Quant à Nicolas Sarkozy, il aura démontré, une fois de plus, la force de sa détermination, bravant, seul contre tous, le monstre bruxellois, selon un refrain bien connu... Pierre Lellouche, le secrétaire d'État en charge des Affaires européennes, se serait même risqué à justifier ce numéro d'esbroufe : il conviendrait de « rassurer les Français inquiets de l'ingérence de l'exécutif européen dans les affaires intérieures françaises », aurait-il confié, en substance, à notre confrère Jean Quatremer, scandalisé par ce « coming out souverainiste » !

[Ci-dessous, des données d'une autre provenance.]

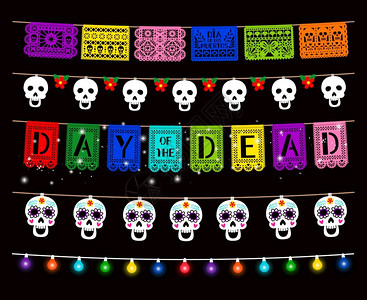 日奈森亚日政党装饰品传统园地孤立包亮色灯糖头挂在弦设计元素上墨西哥传统假日剪辑插画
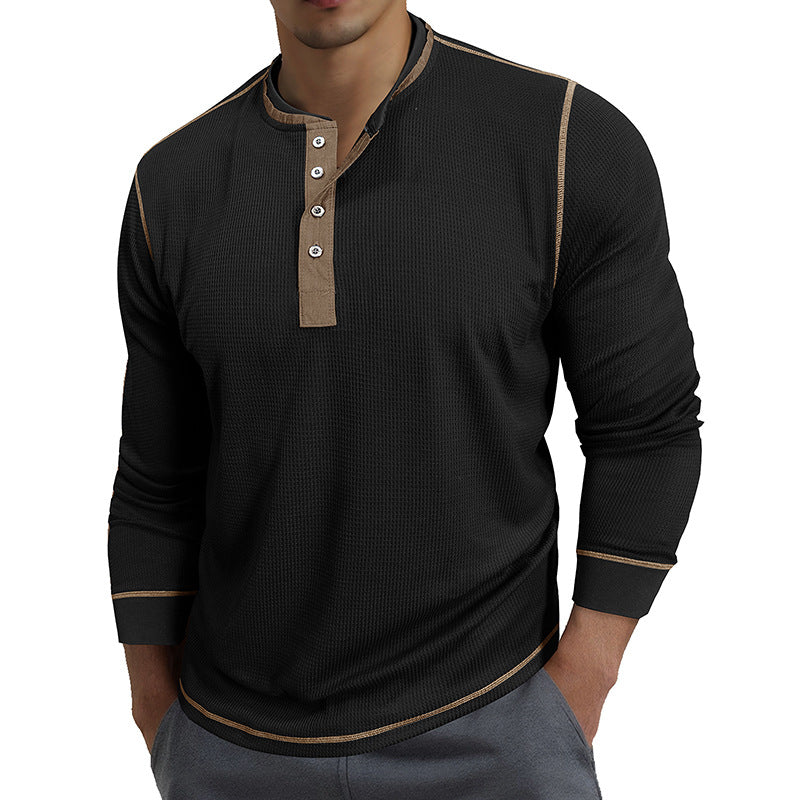 Herren Waffelstruktur Langarmshirt mit modischem Henley-Ausschnitt Aliams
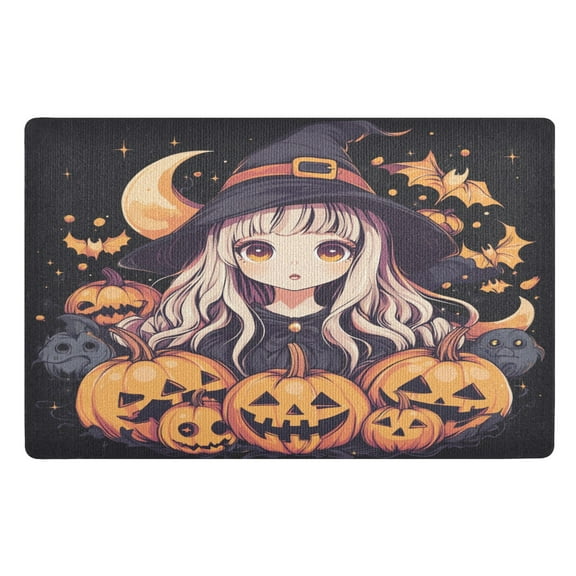 BZSMCE Floor Mats 32x20in Vibrant Anime Witch Creativity Doormats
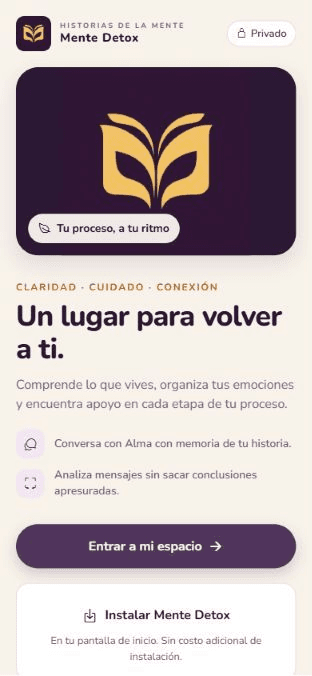 Captura real de Mente Detox con su nuevo diseño ciruela y crema: bienvenida, acceso a la cuenta e instalación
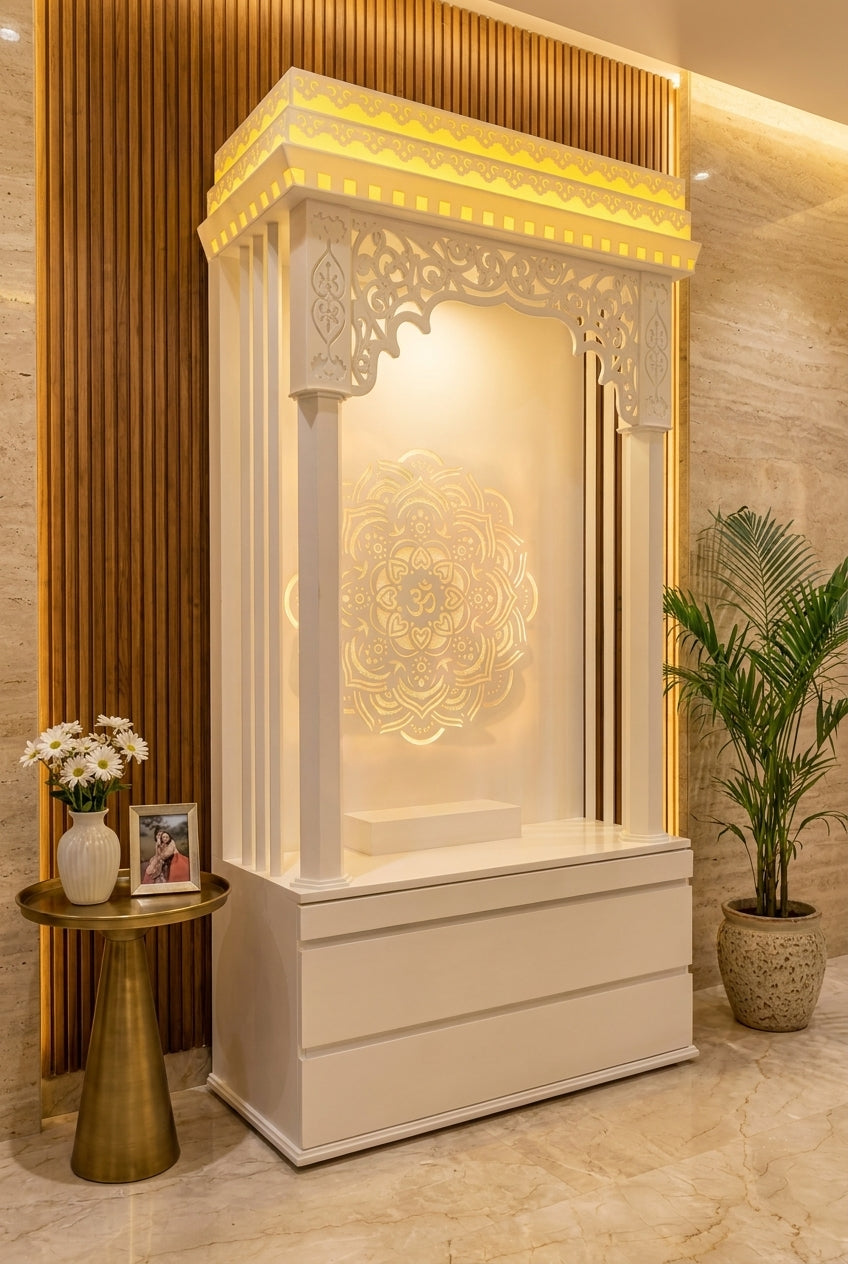 Beautiful Carving Pattern Corian Mandir for Home — Luxury Home Interior — Satguru Creations
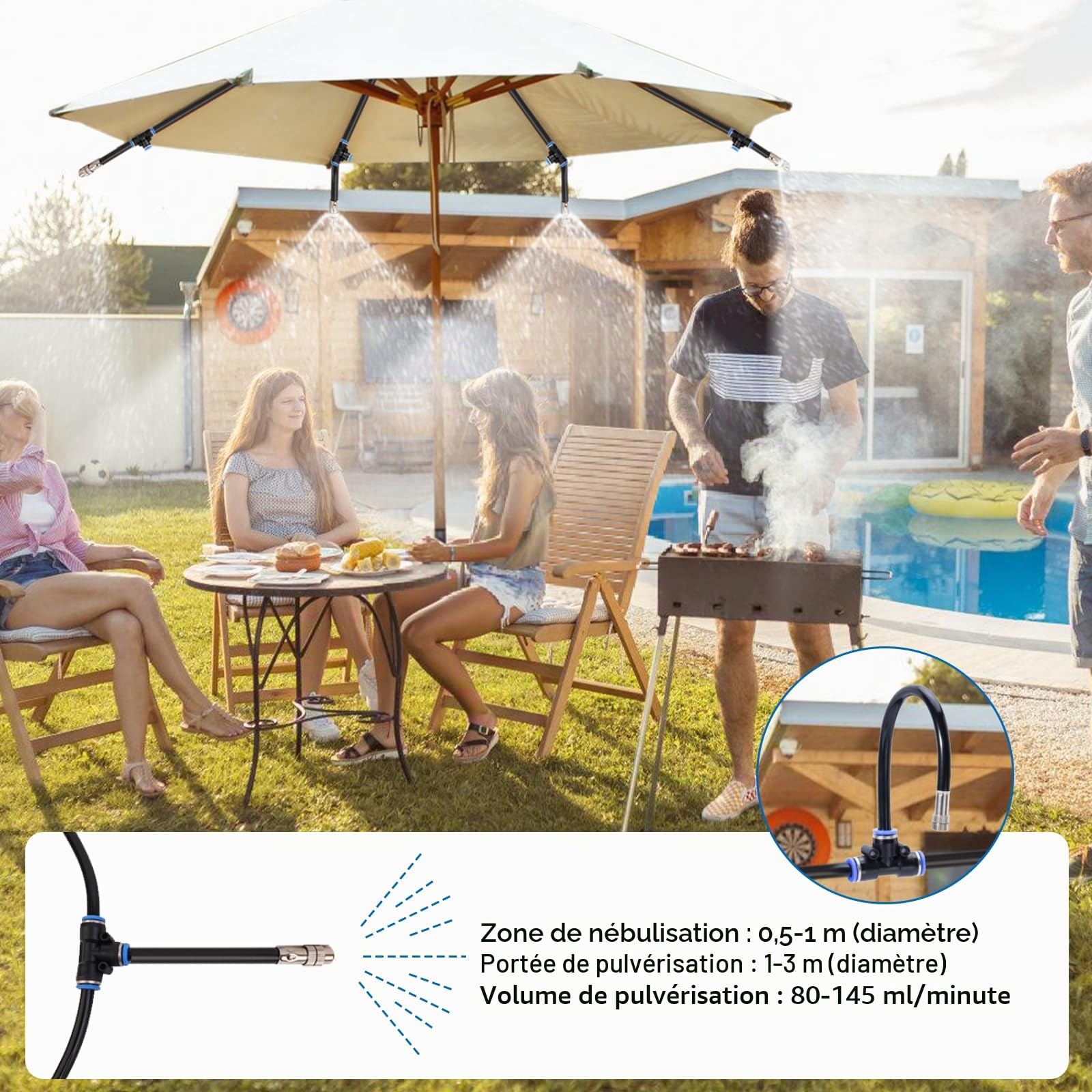 10M Brumisateur Terrasse, Système de Brumisation Extérieur Terrasse avec 10 Pièce Direction Réglable Buse +1 Pièce Adaptateur 3/4", Kit de Tuyau Brumisateur Jardin pour Parasol, Piscine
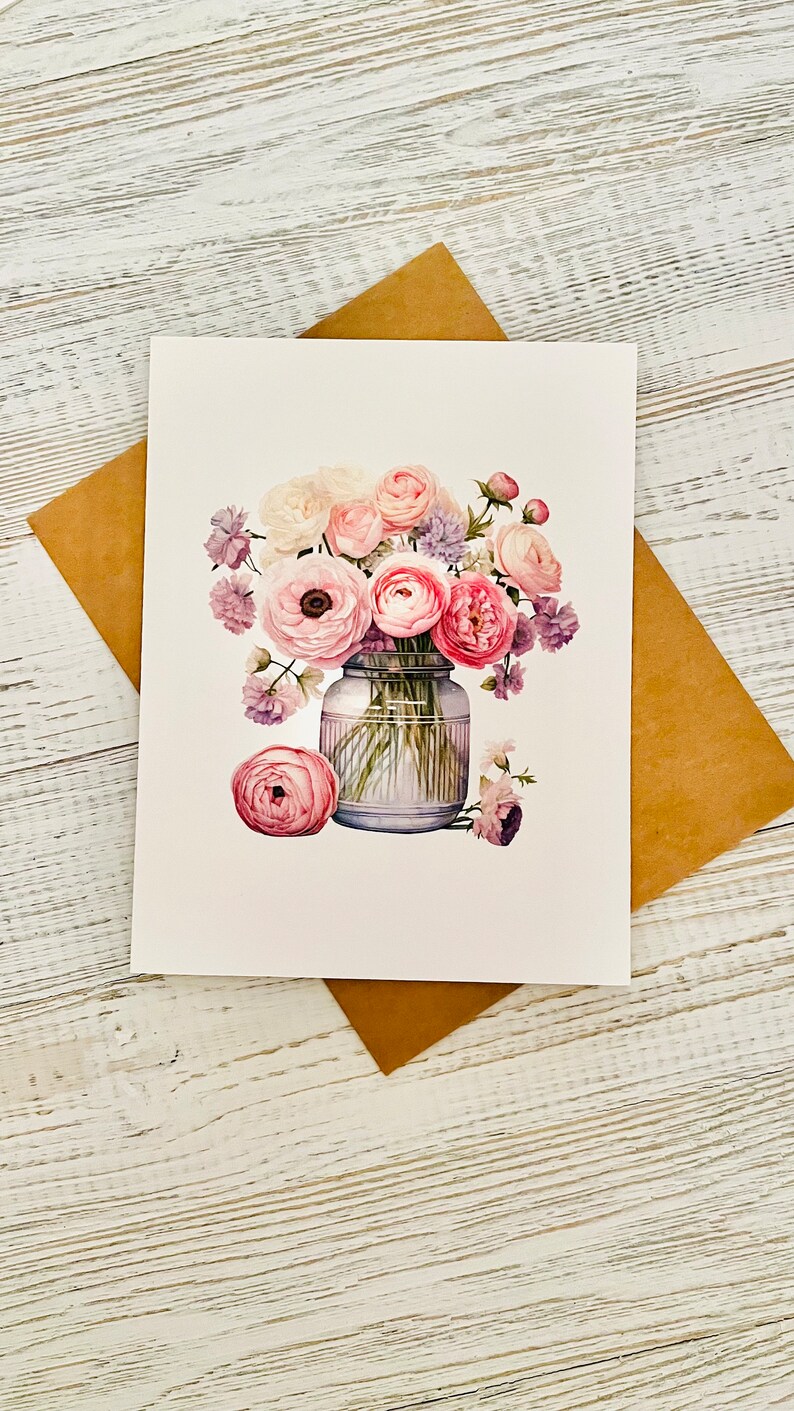 Watercolor Floral Mason Jar Note Cards, Set of 4 - Etsy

Cela dit, « l'affaire n'est pas classée », a prévenu Mme Reding, en réponse au mécontentement exprimé par certains parlementaires. « Je trouve que la communication de la Commission est ridicule » a déclaré, par exemple, l'eurodéputé italien Sonia Alfano (ADLE). Le Berlaymont a adressé des demandes d'informations complémentaires aux autorités françaises. « J'ai fait part de ma profonde déception concernant la circulaire du 5 août », a rappelé le vice-président de la Commission. « Elle a été modifiée le 13 septembre. Que s'est-il passé entre, et que se passe-t-il à l'heure actuelle ? [...] Il nous faut examiner les copies des ordres d'expulsion afin de comprendre clairement ce qui est arrivé. Il nous faut les chiffres, tous les chiffres, afin de pouvoir continuer notre analyse. » La maîtresse d'école a du pain sur la planche.